• Assigned task:
Give back, exactly as written, the lines from the first line of the data below through the line with "BMW 7 Series 2022 — 18", and omit the pictures.

Pictures with short captions

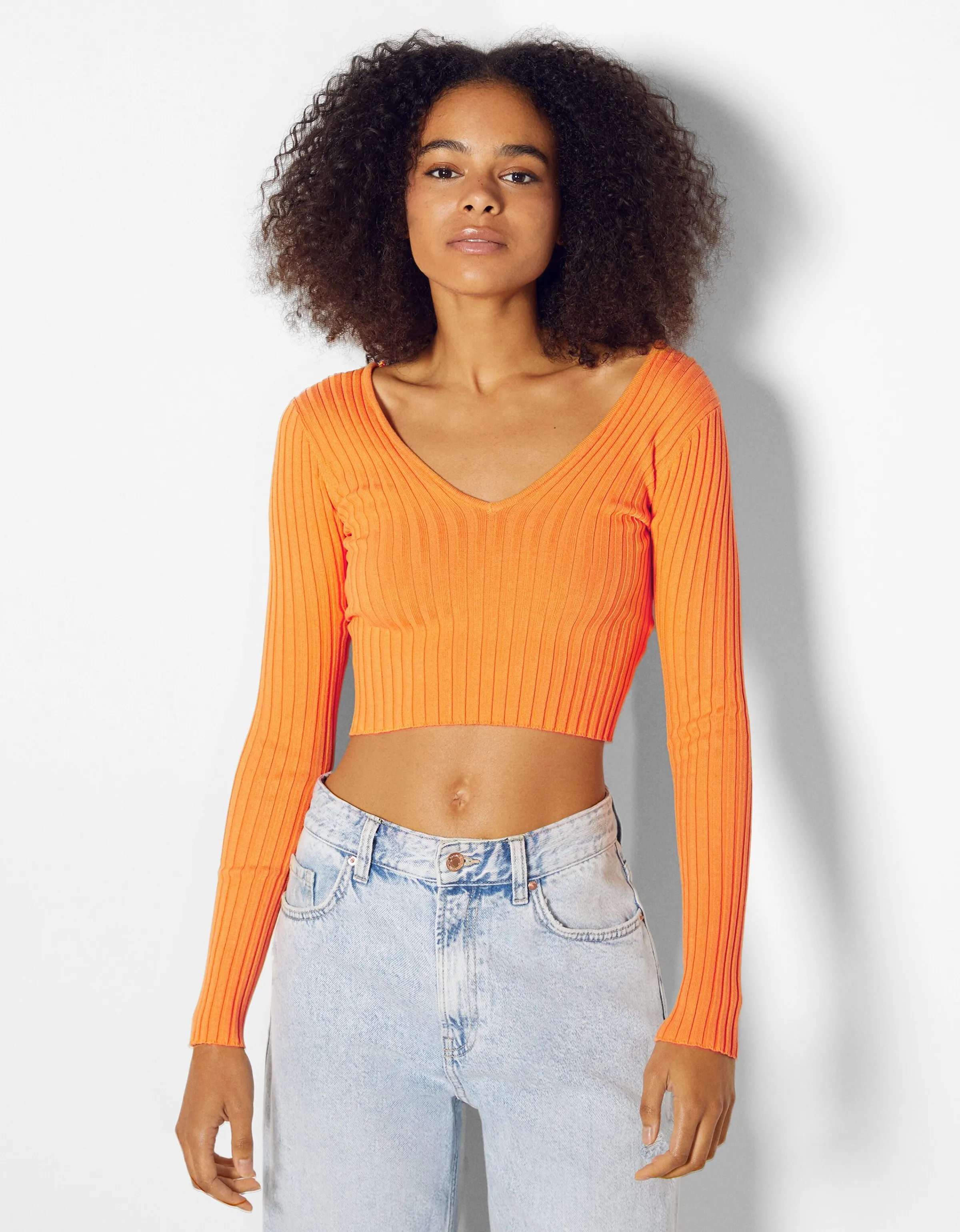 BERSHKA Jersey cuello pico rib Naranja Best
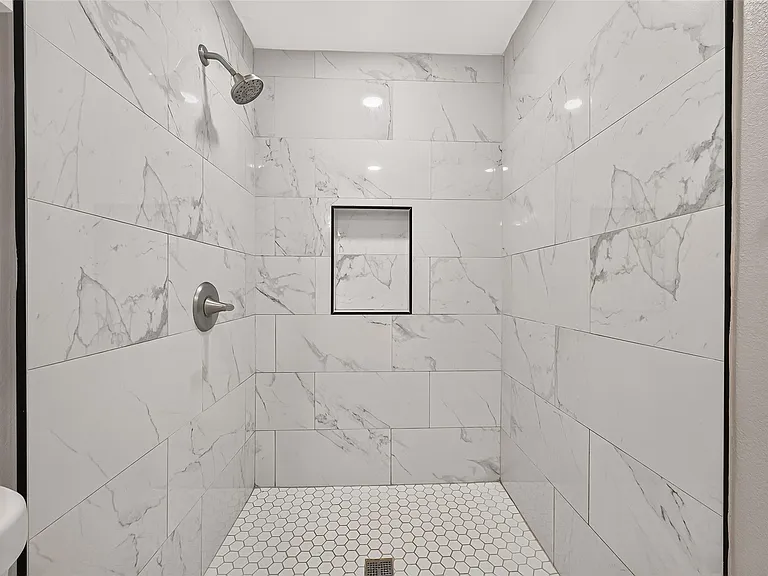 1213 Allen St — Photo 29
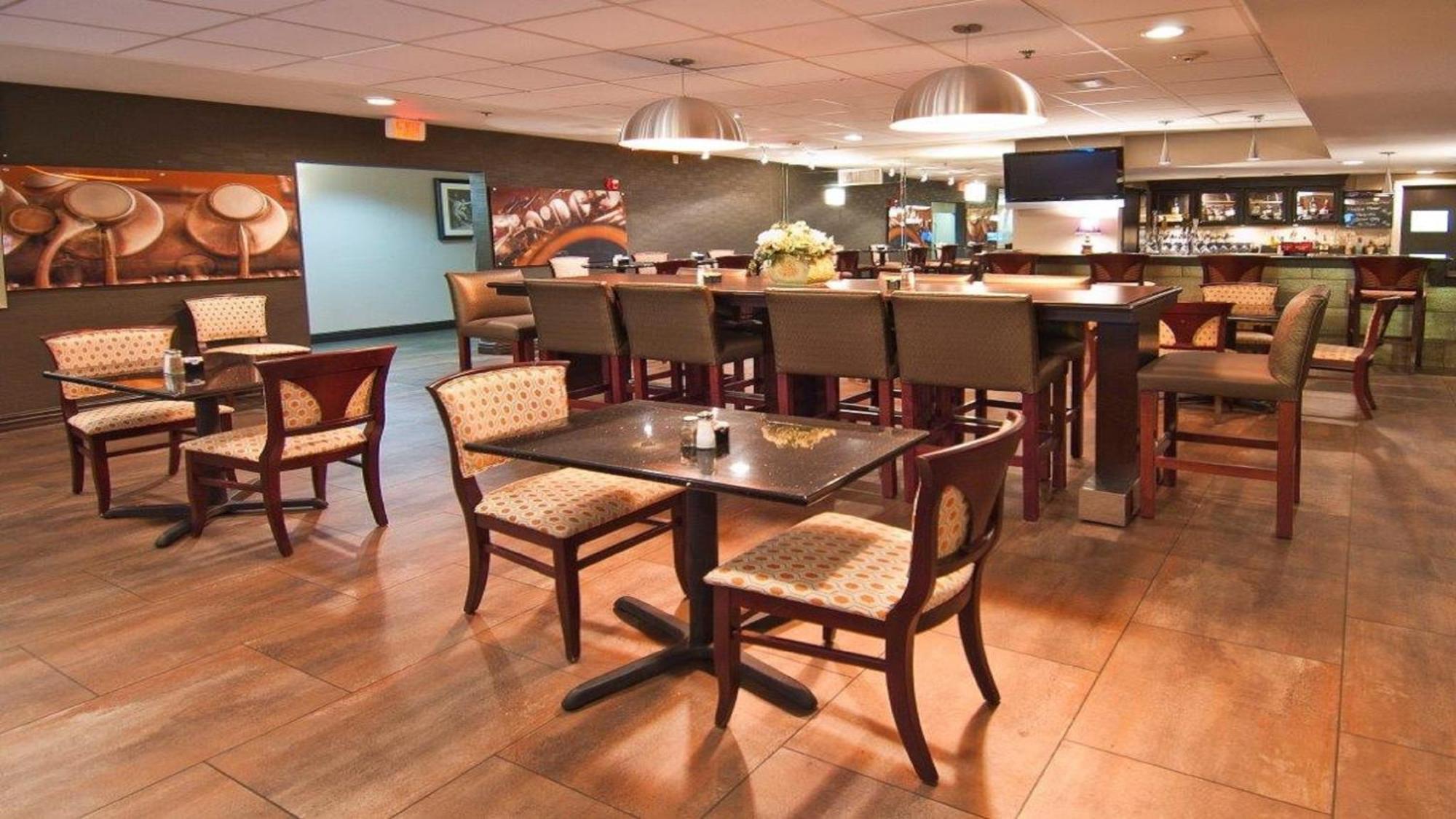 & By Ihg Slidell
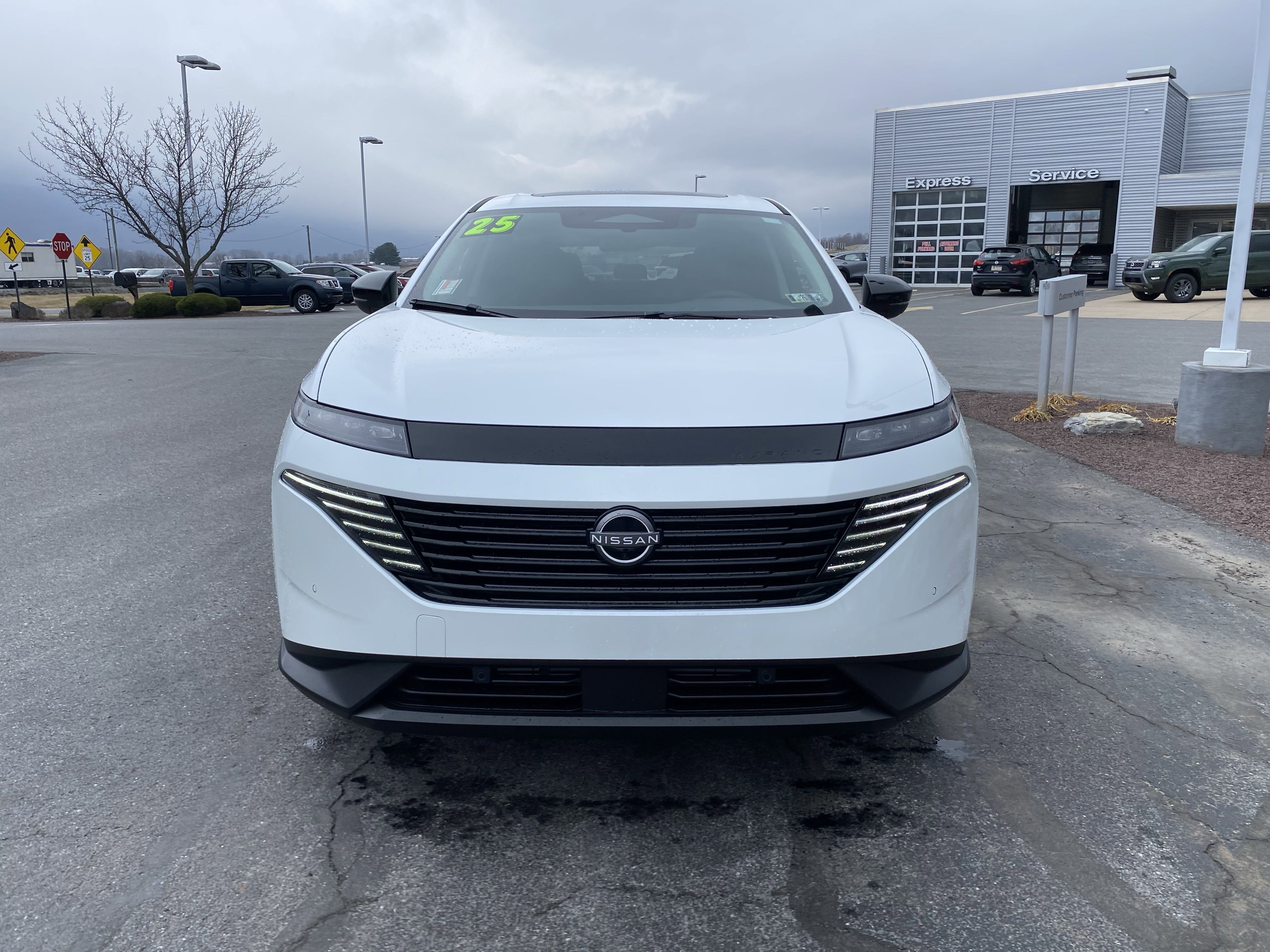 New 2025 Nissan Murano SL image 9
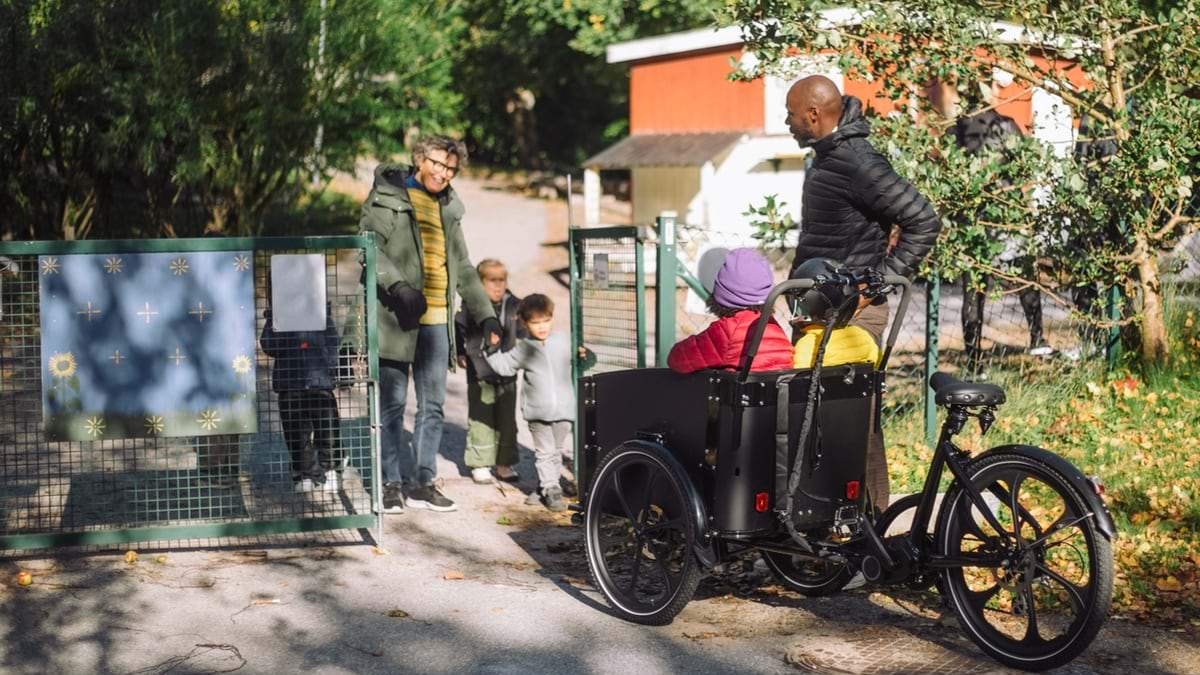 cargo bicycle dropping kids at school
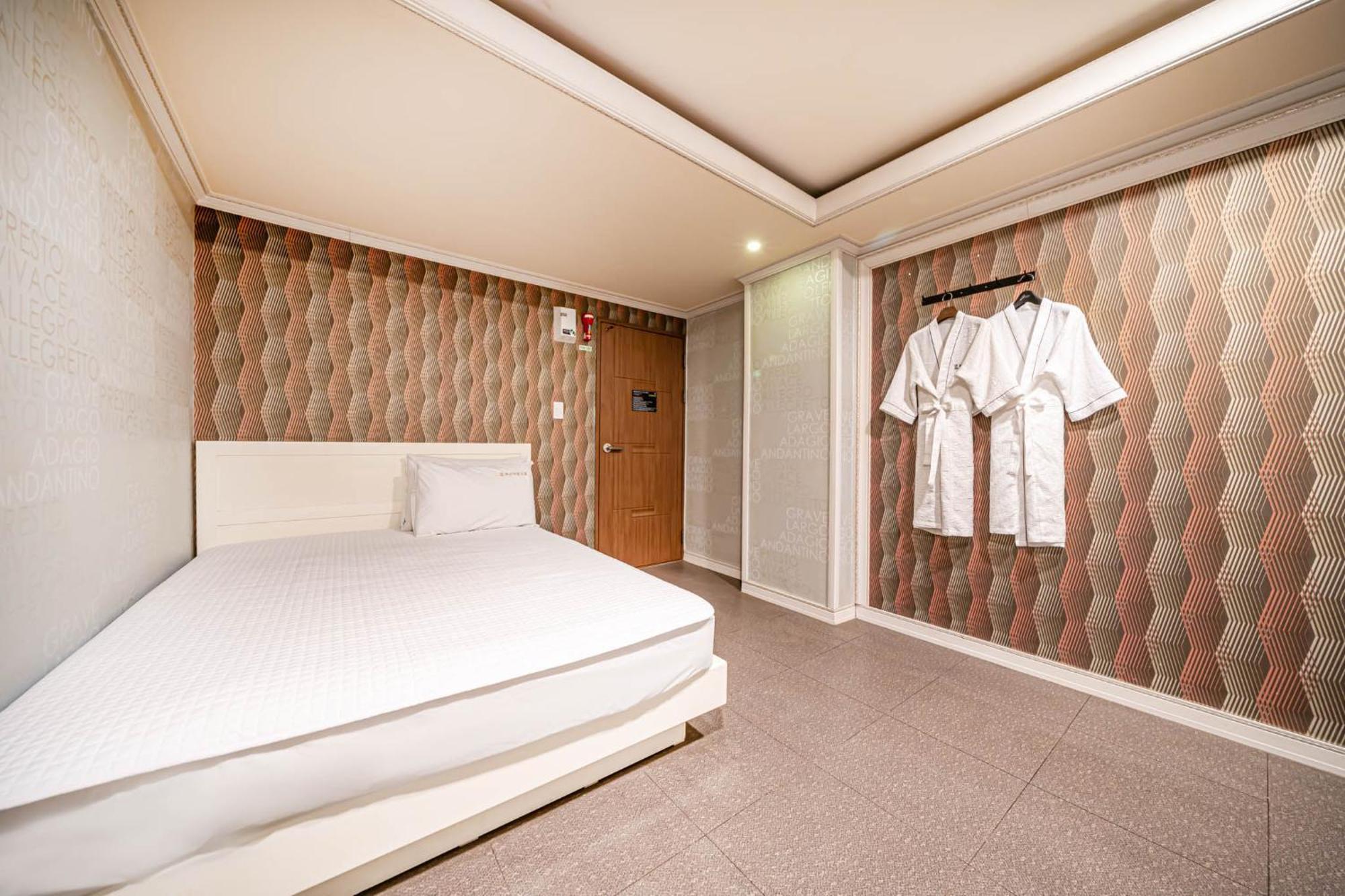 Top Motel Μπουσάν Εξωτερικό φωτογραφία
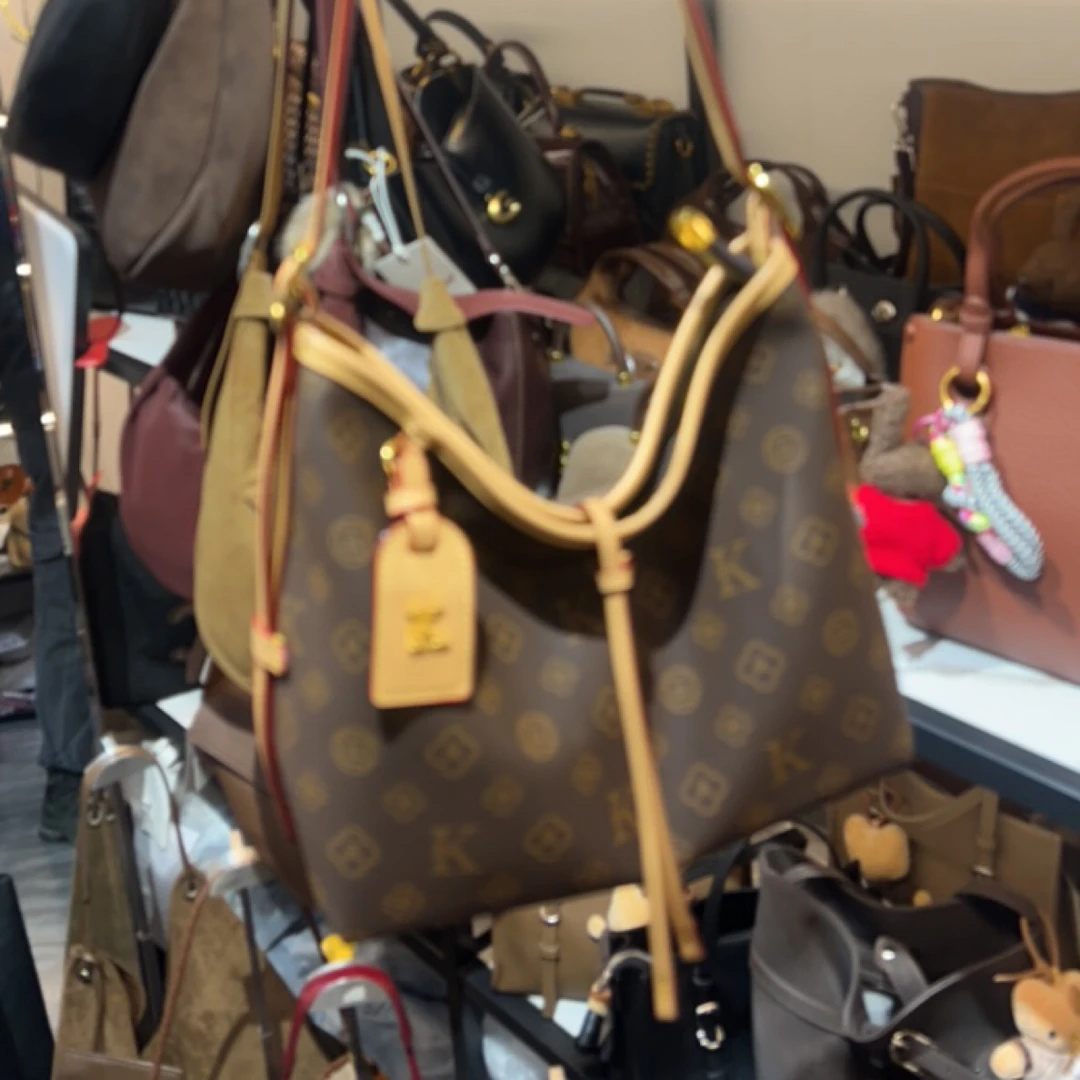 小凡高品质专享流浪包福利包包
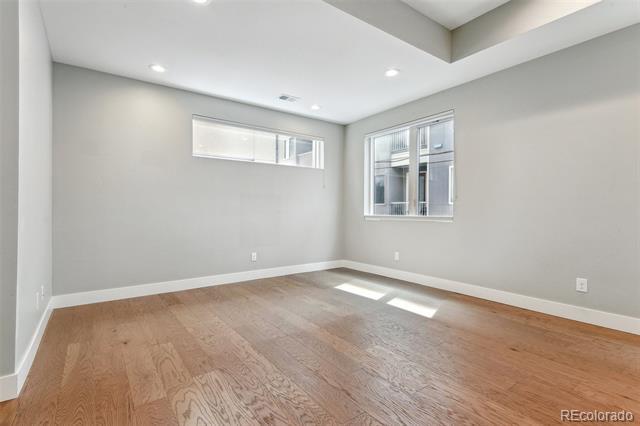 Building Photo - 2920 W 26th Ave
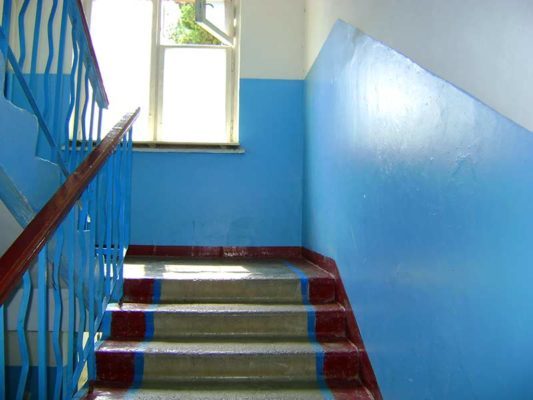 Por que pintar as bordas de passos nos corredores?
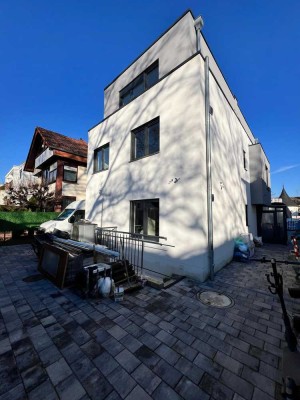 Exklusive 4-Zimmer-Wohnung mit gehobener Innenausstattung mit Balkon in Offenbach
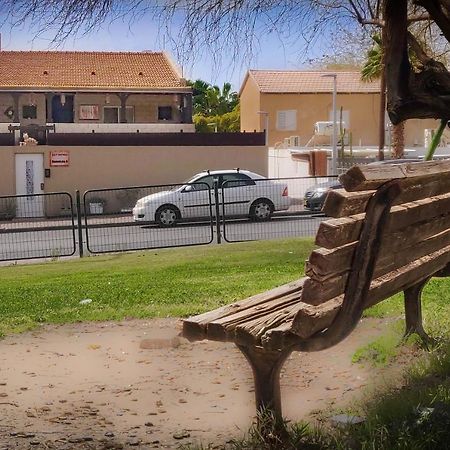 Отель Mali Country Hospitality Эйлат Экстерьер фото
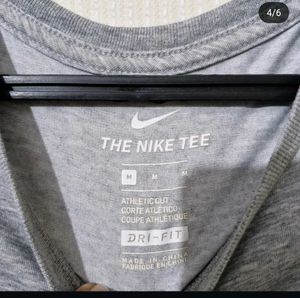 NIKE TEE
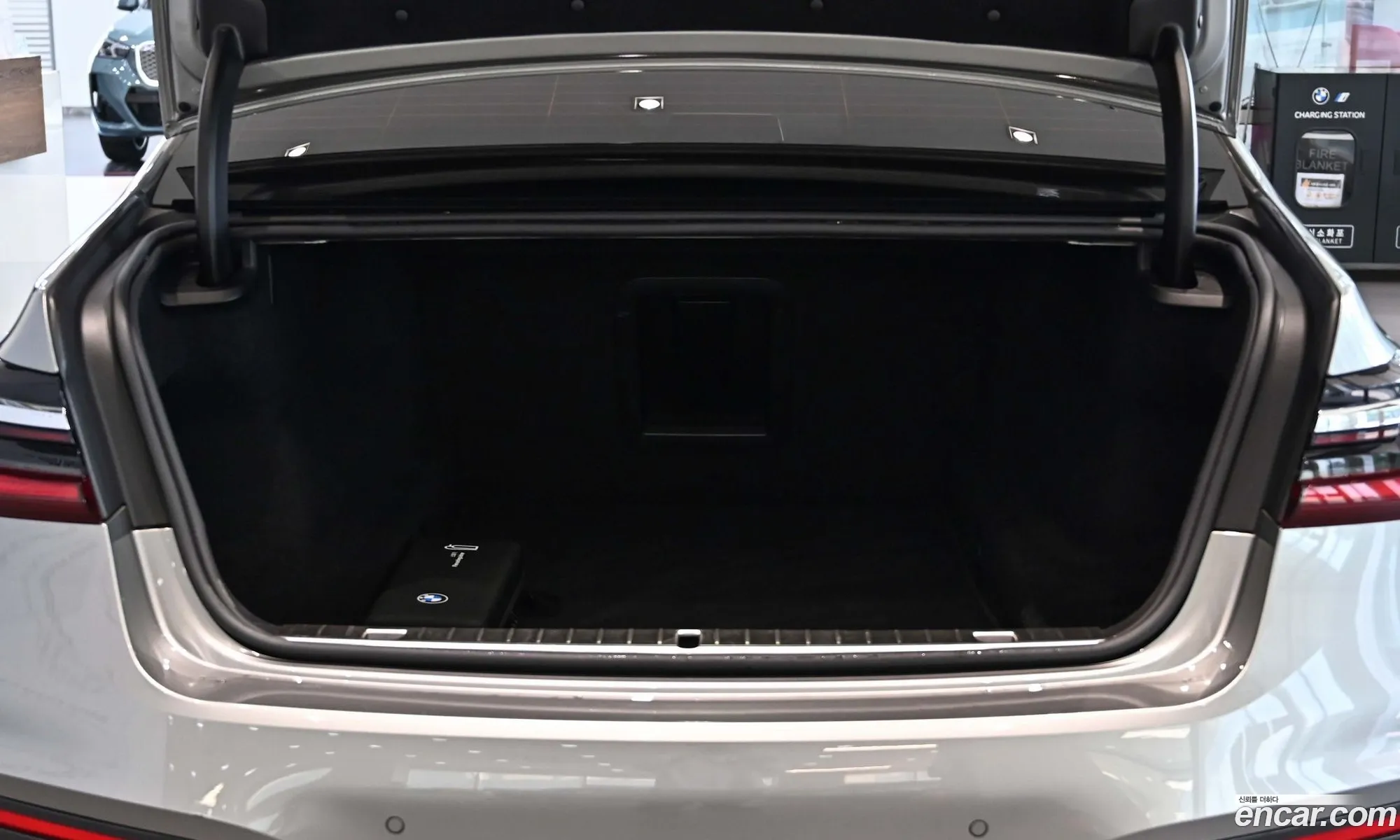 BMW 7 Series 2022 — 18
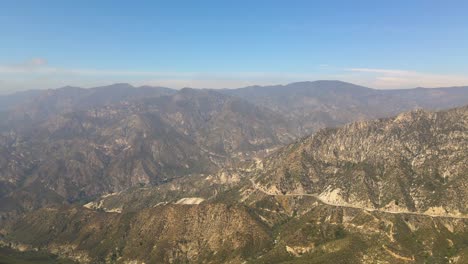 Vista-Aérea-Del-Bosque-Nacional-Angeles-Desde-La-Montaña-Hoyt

• Solution for this problem:
 BERSHKA Jersey cuello pico rib Naranja Best
 1213 Allen St — Photo 29
 & By Ihg Slidell
 New 2025 Nissan Murano SL image 9
 cargo bicycle dropping kids at school
 Top Motel Μπουσάν Εξωτερικό φωτογραφία
 小凡高品质专享流浪包福利包包
 Building Photo - 2920 W 26th Ave
 Por que pintar as bordas de passos nos corredores?
 Exklusive 4-Zimmer-Wohnung mit gehobener Innenausstattung mit Balkon in Offenbach
 Отель Mali Country Hospitality Эйлат Экстерьер фото
 NIKE TEE
 BMW 7 Series 2022 — 18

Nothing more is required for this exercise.